The son of a garda, aeronautical and mechanical engineering graduate Martin Naughton (79), who was born in Dublin but grew up in Co Louth, is one of Ireland's most successful industrialists.
He founded radiator business Glen Electric in 1973, which later bought out UK rival Dimplex, which was about eight times its size. Glen Dimplex now has operations on both sides of the Border here, employs over 5,000 people, and its success has made Naughton a billionaire. Its best-known appliance brand is perhaps Morphy Richards.
He stepped down as president of the company in 2016, and son Fergal is now CEO of the business, while family members Neil and Fiona also work there. A change in how and where the company files accounts has brought new information on its finances to light. Accounts for Glen Dimplex Europe Holdings, which is now registered in this country - but has an Isle of Man parent firm - reveal that it had a turnover of €990m for 2017, with a pre-tax profit of €37.8m. The firm had net assets of €436.5m, which included €302m of cash, and paid out €13m in dividends that year.
Last year, Naughton was honoured with the Oslo Business for Peace prize, for his efforts promoting the role of the private sector in contributing to peace and environmental sustainability. Among the previous honourees are Richard Branson and Elon Musk.

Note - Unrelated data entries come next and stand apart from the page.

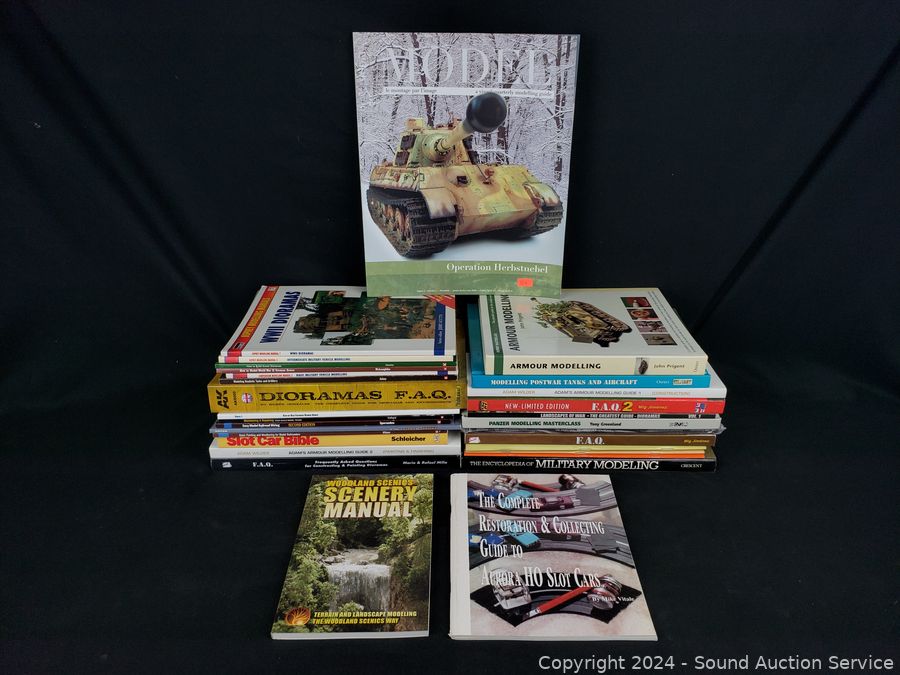 09/16/24 Sleep Number Bed, Autograph Legends, Model Kits Online Auction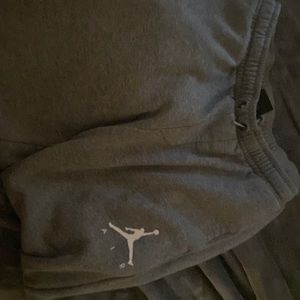 súper cute Jordan’s! Joggers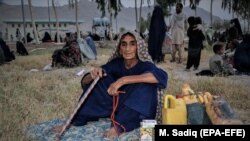کندهار کې د جګړو له امله یو شمېر بې‌ځایه شوې کورنۍ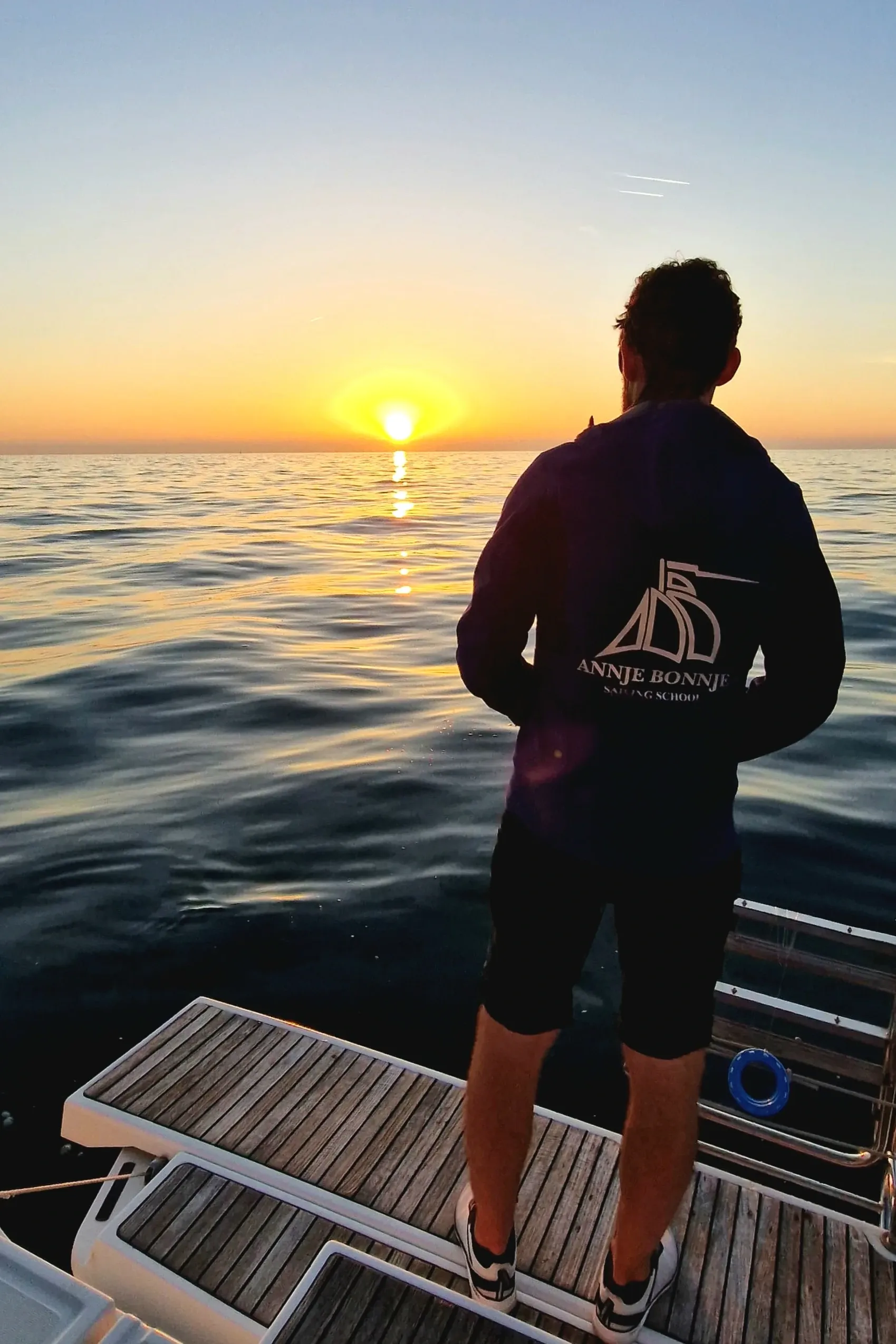 Le barche di Annje Bonnje ormeggiate a Domaso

He is also one of the country's leading philanthropists, supporting the arts through the Royal Irish Academy and the National Gallery of Ireland. He also supports education institutes and scholarship schemes on both sides of the border. Last May, through his Naughton Foundation, he and his wife Carmel donated €25m towards a new €60m E3 institute in energy, engineering and environment at Trinity College, where the Naughton Institute building is named after him.

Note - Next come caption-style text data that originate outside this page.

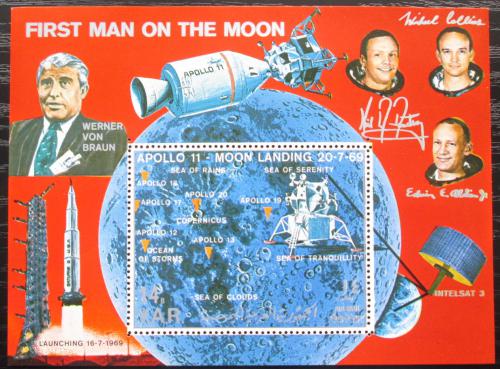 Poštová známka Jemen 1969 Prieskum Mìsíce, Apollo 11 Mi# Block 109 Kat 15€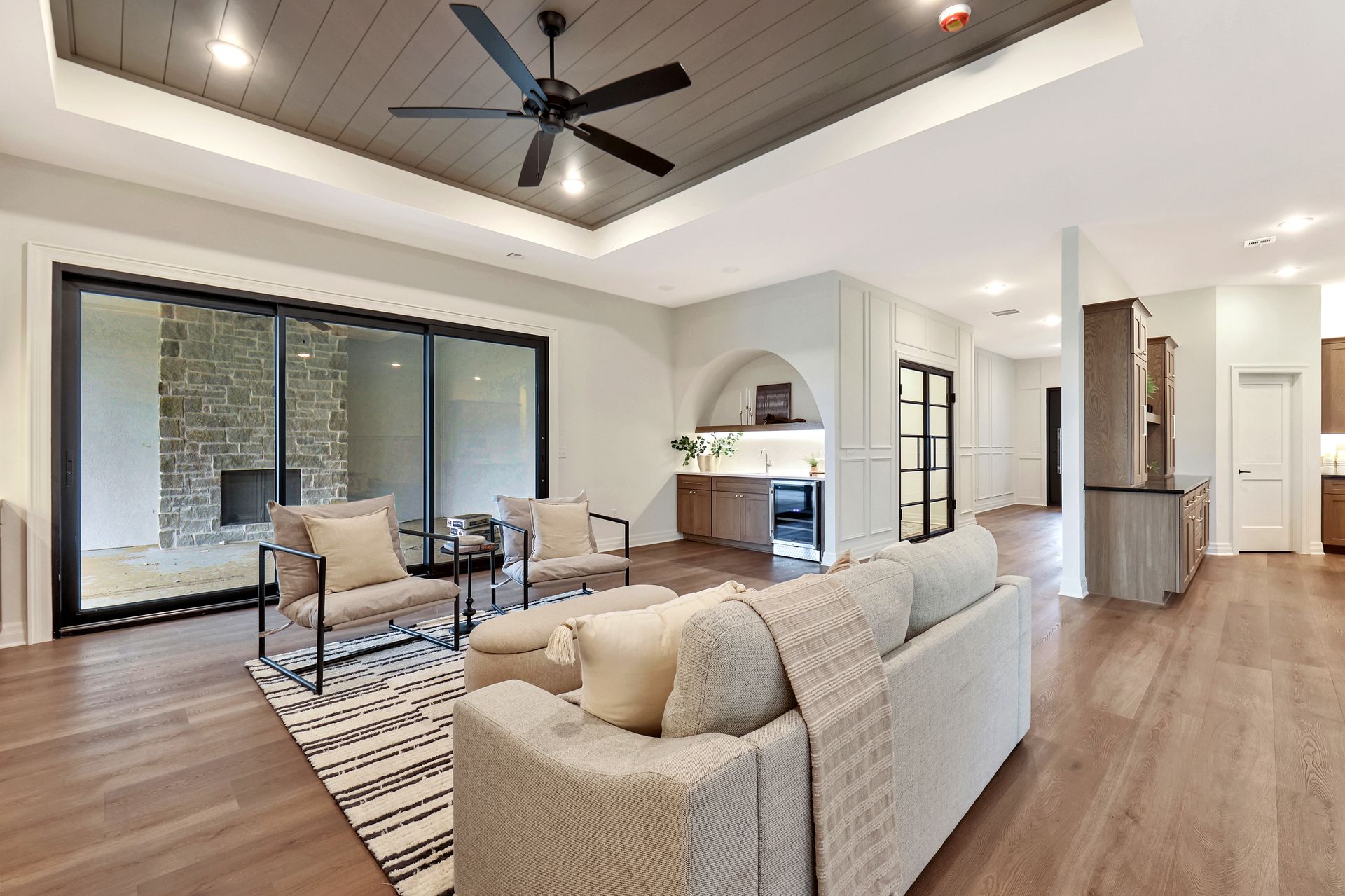 Artsy Design Custom Kitchen Design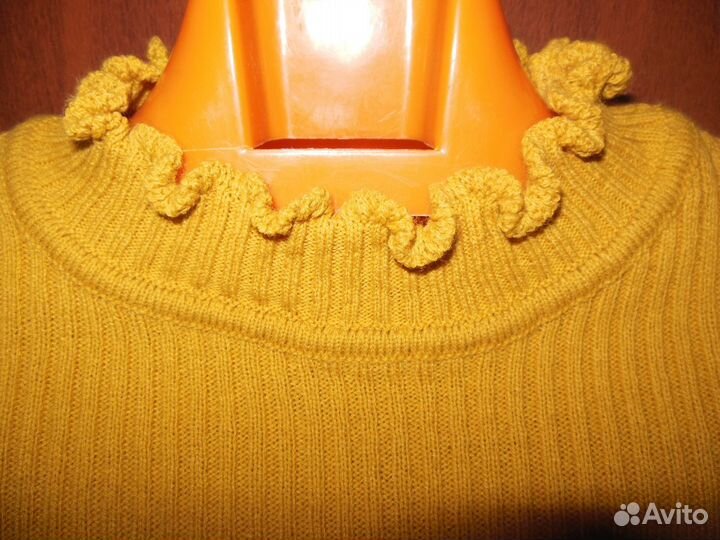 Свитер женский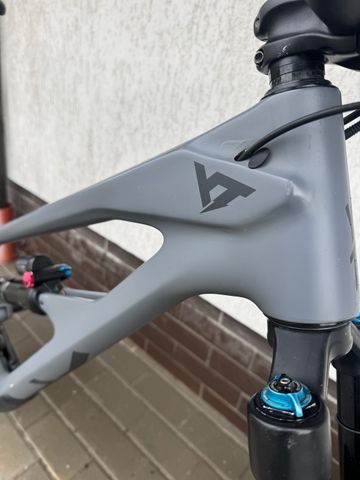 Używany YT Industries JEFFSY 27 CF Comp 2019 2019 Mountainbike — zdjęcie 10 z 16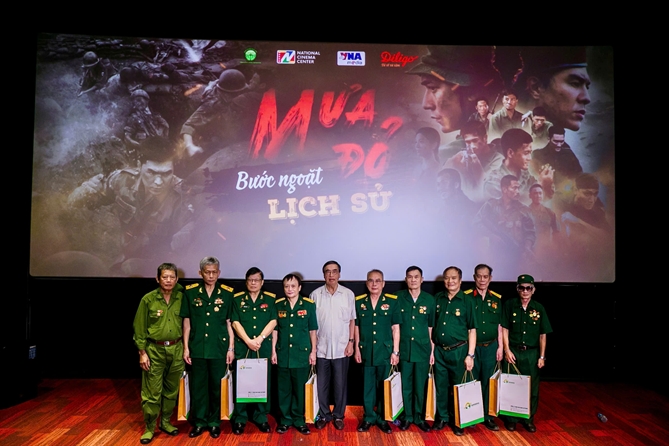 Nguyên đại sứ Nguyễn Phú Bình - Đại diện Quỹ Tấm lòng vàng SUNSHINE GLOBAL trao những phần quà tri ân các Cựu chiến binh.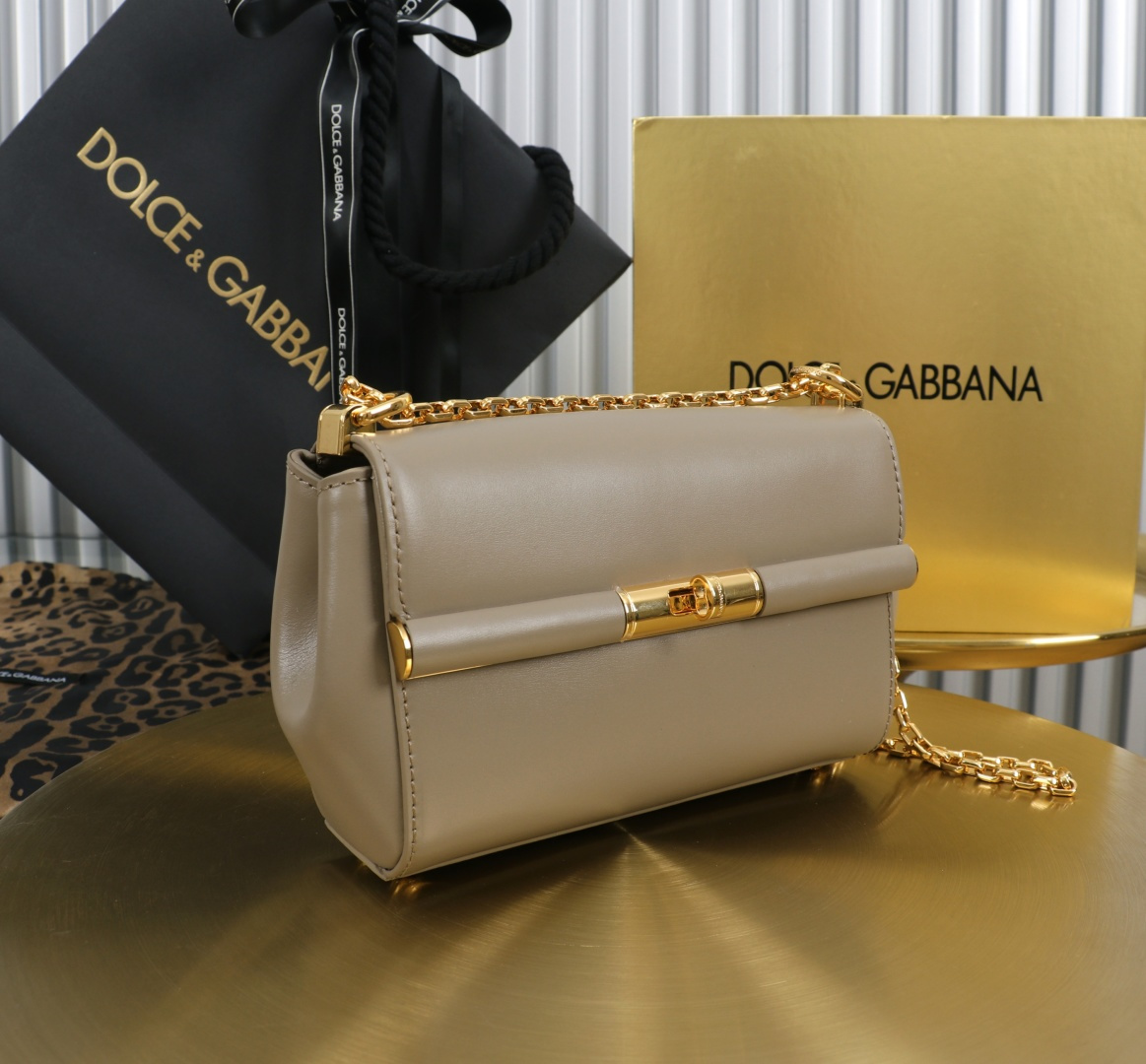 [TOP] Dolce & Gabbana D&G Shoulder Bag 18x10.6x7cm - Khaki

He and fellow former Glen Dimplex executive Lochlann Quinn own Dublin's Merrion Hotel, and they also made money from property investments in the IFSC in the capital, which sold for about €90m.
Naughton is restoring a gate lodge at Kylemore Abbey in Co Galway, and lives on a 200-acre estate near Slane. Over the years, he's made investments in wind energy, water coolers and telecoms. He will have had a windfall from investing in Eddie O'Connor's Airtricity.